EXAMPLE: Leonardo DaVinci’s almost unknown “Butterfly Wing in Flight” was used as the basis for Roxy Sager’s 2001 piece “Butterflies Fly.” In 2004, Conrad Saekeur sees Roxy’s work and, with the DaVinci sketch in the background, produces his own version, titling it “Caterpillar No More.” Even if Conrad copied the DaVinci elements from Roxy’s work, his copy is not an infringement, as the copied portion is in the public domain. If, on the other hand, Conrad copies some of Roxy’s original work, the result would be otherwise.
There is no simple test to prove copying, but the two most often cited factors are:
Similarity: The degree to which one work resembles another is quite relevant to the question of copying. Note that courts are not in agreement as to how to determine the degree of similarity between two works.

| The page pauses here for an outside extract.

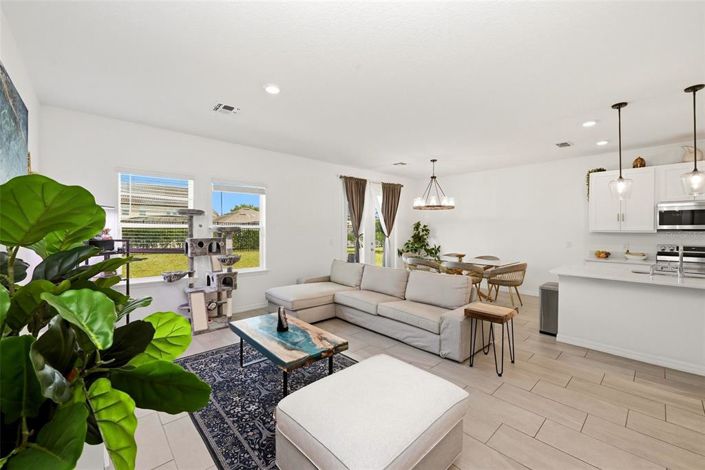 Image No.14-5 Bed House for sale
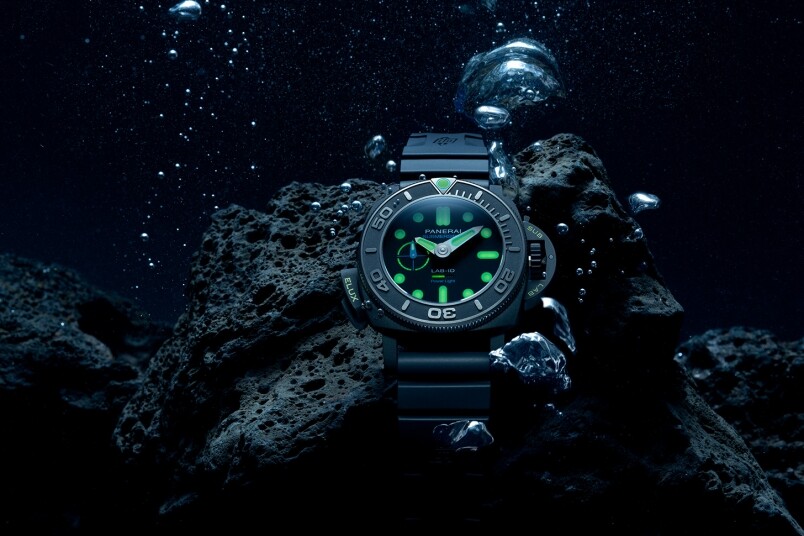 夜光功能新高度！ Panerai全新Submersible Elux LAB-ID腕表 以純機械一鍵開關發光系統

- Specific elements may be considered or, instead, overall appearance, general color, patterns, etc., are considered in the context of what a “reasonable person” might conclude, as Judge Learned Hand determined in
Peter Pan Fabrics Inc., v. Martin Weiner Corp, 274 F.2d 487 (2d Cir. 1960)(regarding a copyrighted design imprinted on cloth). See also Educational Testing Services v. Katzman, 793 F.2d 533 (3d Cir. 1986)(Ad hoc determination following Peter Pan concludes that a test prep company’s “facsimile exam” is substantially similar to test maker’s exam).
- Or, as in
Alexander v. Haley, 460 F.Supp 40 (S.D.N.Y. 1978), a court might first remove from consideration any portion of the work which is not unique or original, and then compare it to the potential infringing copy (the case involved the movie “Roots,” and on its way to finding insufficient similarity to conclude that there was copying, the court did not consider the scenes which were usual in portraying life in the slave states).
Access: If a party does not have access to the supposedly infringed work, it becomes highly improbable that the work was copied. Therefore, an original painting which never leaves the artist’s studio and is viewed by nobody outside the artist’s immediate family is almost certainly not capable of being copied by an artist across the world, even if the two paintings are very similar.

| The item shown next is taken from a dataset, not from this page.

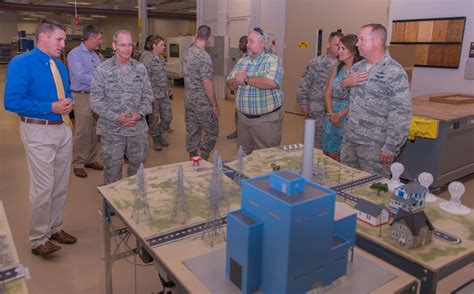 New 2AF Commander Tours Keesler Keesler Air Force Base Article Display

Once copying has been established, the improper nature of that copying must be proven. This means that the copied work is protected, and the copy is unauthorized. As noted above, public domain material used in an author’s work is not protected. Similarly, the author of a derivative work holds exclusive rights only to that work, and the underlying work may be copied without the permission of the derivative work’s author. Finally, it is important to note that copyright infringement is essentially a strict liability offense: unintentional infringement is not distinguished from intentional infringement.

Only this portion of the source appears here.